Smog lingers despite rain in Beijing
Updated: 2013-01-31 23:35
BEIJING - Heavy smog that has choked Beijing for the last five days weakened slightly on Thursday due to a light rainfall, although the capital's air remains heavily polluted.
Average precipitation was 0.1 mm from Wednesday evening to Thursday morning, the Beijing Meteorological Bureau said.
The city's air quality index (AQI) fell due to the rain but was still above 200, which indicates serious pollution.
The bureau has issued an alert for icy roads, advising children and the elderly to stay indoors.
As of Thursday noon, there had been at least 2,000 reports of vehicle accidents, with at least two people dead, according to Beijing Traffic Management Bureau.
Most of the accidents were scratches and rear-end collisions, caused by icy roads as well as poor visibility in the smoggy weather, said the bureau.
Beijing traffic authorities have started emergency response measures due to snow, strengthening patrols and clearing icy roads.
In many other parts of north and east China, lingering smog has disrupted flights and traffic.
Thirty flights were canceled and 78 flights were delayed Thursday morning at an airport in Tianjin Municipality, located just east of Beijing.

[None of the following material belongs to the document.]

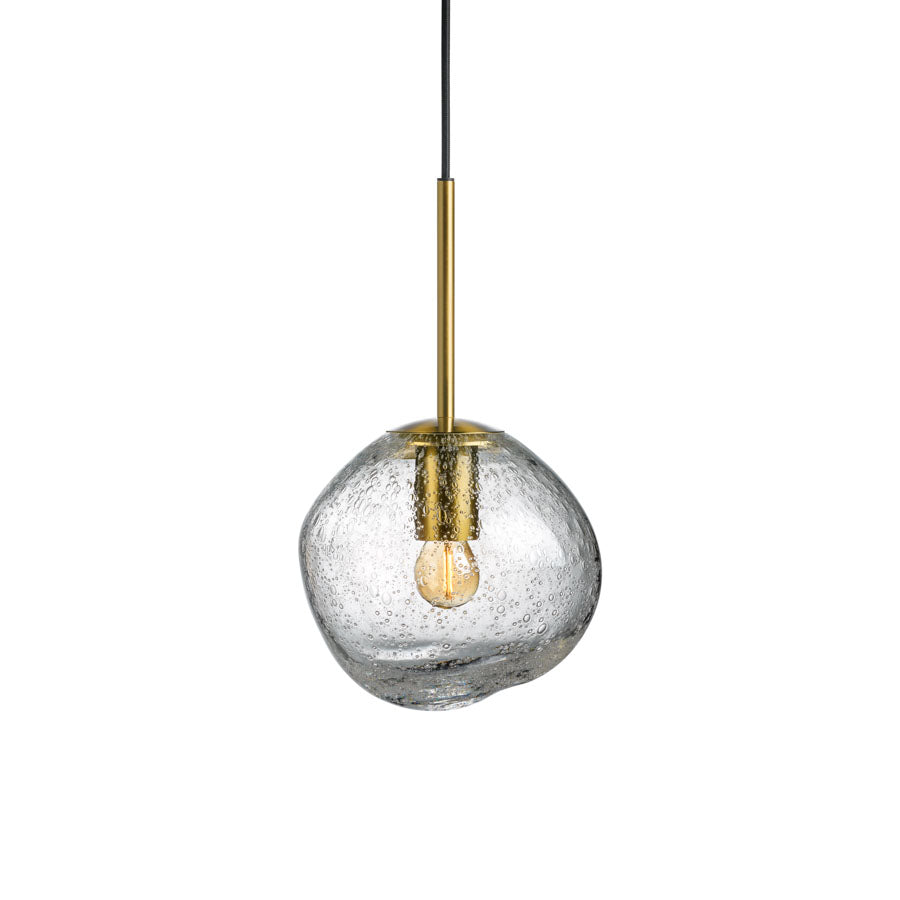 Hadeland Glassverk Crystal Stone pendellampe i klart glass med en gullfarget baldakin, stilren belysning som kombinerer kunstnerisk design og funksjonalitet.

Visibility was reduced to less than 50 meters in many parts of east China's Shandong Province, the provincial meteorological station said Thursday.
The National Meteorological Center rescinded its yellow smog alert early Thursday. Smog in central and east China will be dispersed by a cold front due to arrive on Friday, it said.

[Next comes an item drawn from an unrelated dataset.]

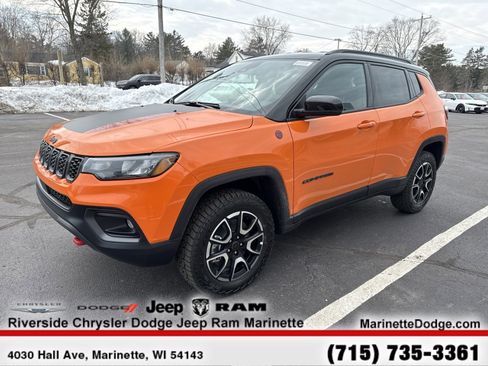 New 2026 Jeep Compass Trailhawk AWD/4WD image 4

The Beijing municipal government decided Tuesday to implement stricter measures to reduce pollutants, including suspending the use of 30 percent of the municipal government's vehicles and halting production at 103 heavily polluting companies.

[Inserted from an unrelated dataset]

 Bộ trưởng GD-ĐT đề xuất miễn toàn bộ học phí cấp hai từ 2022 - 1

On Wednesday, production was halted at TOTO, a company that produces cleaning products in northwest Beijing.
"The suspension will cause losses of 1.8 million yuan ($286,000) each day. We received notice that the suspension will last until Friday," said Han Yong, the company's deputy general manager.
"But for the sake of Beijing's air quality, we must stop. This is a social responsibility that our company should shoulder," he said.
A nearby factory that manufactures building materials also had its production suspended.
However, not everyone has abided by the measures. More than 800 government vehicles that are supposed to be suspended are still in use, municipal traffic authorities said.
Several construction sites that were ordered to suspend their work failed to do so on Wednesday.
The meteorological authorities forecast that the smog, which has covered 1.15 million square kilometers of China, will gradually disperse due to rain and snow in central and eastern regions from Thursday through Saturday.